▶ _DATASET EXCERPT_:
────

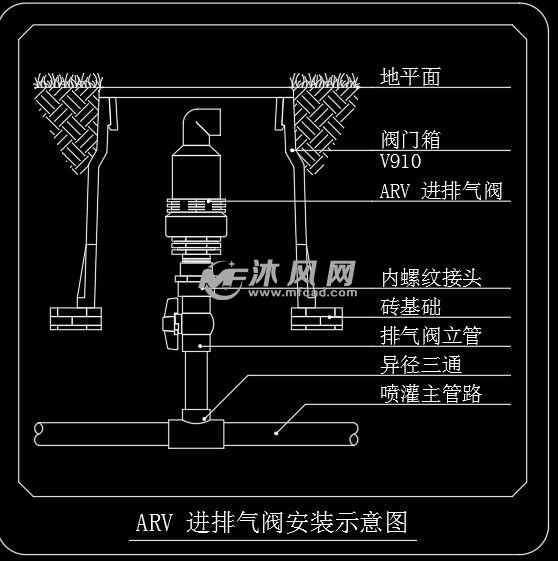 排气阀与钳形防护罩安装图片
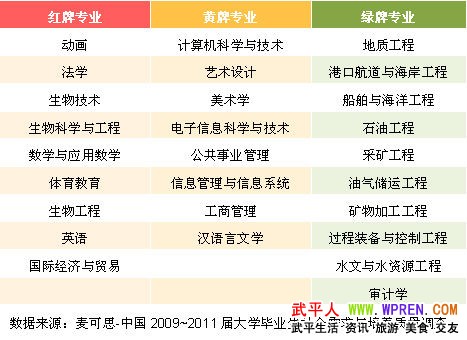 武平人口多少_武平县2017年贫困人口动态调整名单出炉,有你认识的吗(2)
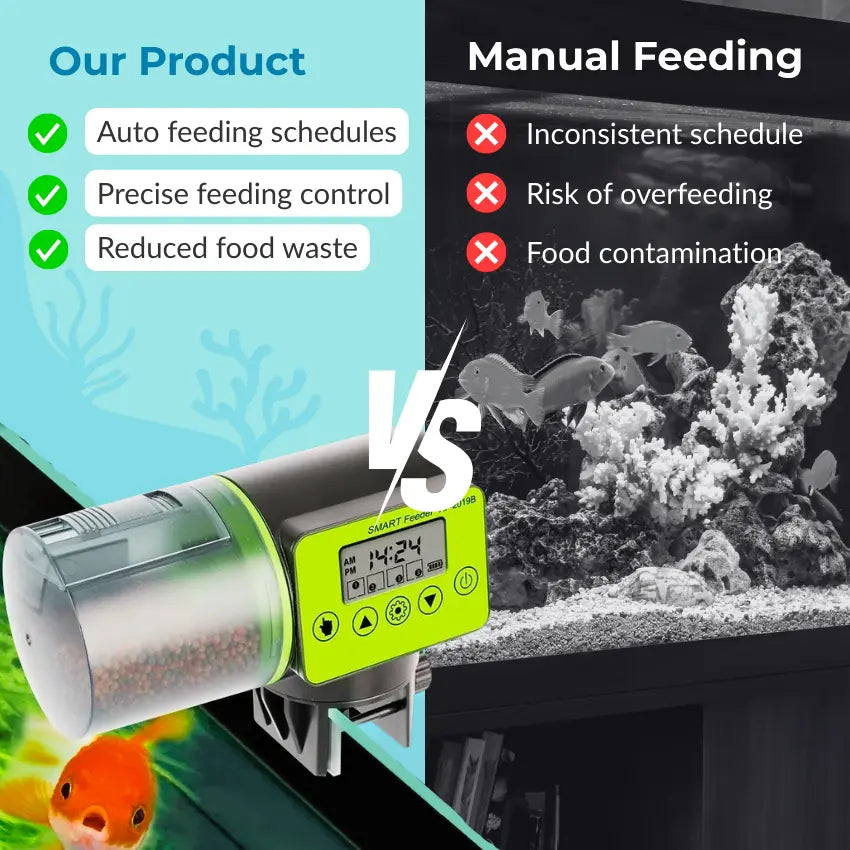 AquaFeedHub Auto Fish Feeder - Smart Timer Solution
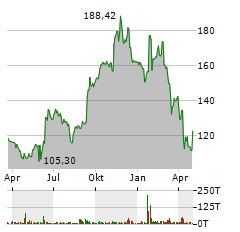 ORACLE Aktie Chart 1 Jahr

────

▶ _ASSIGNED TASK_: The range to set down runs from the line containing "武平人口多少_武平县2017年贫困人口动态调整名单出炉,有你认识的吗(2)" through the final line of the data, both ends included; give it exactly and drop the pictures.

▶ _RESULT_:
 武平人口多少_武平县2017年贫困人口动态调整名单出炉,有你认识的吗(2)
 AquaFeedHub Auto Fish Feeder - Smart Timer Solution
 ORACLE Aktie Chart 1 Jahr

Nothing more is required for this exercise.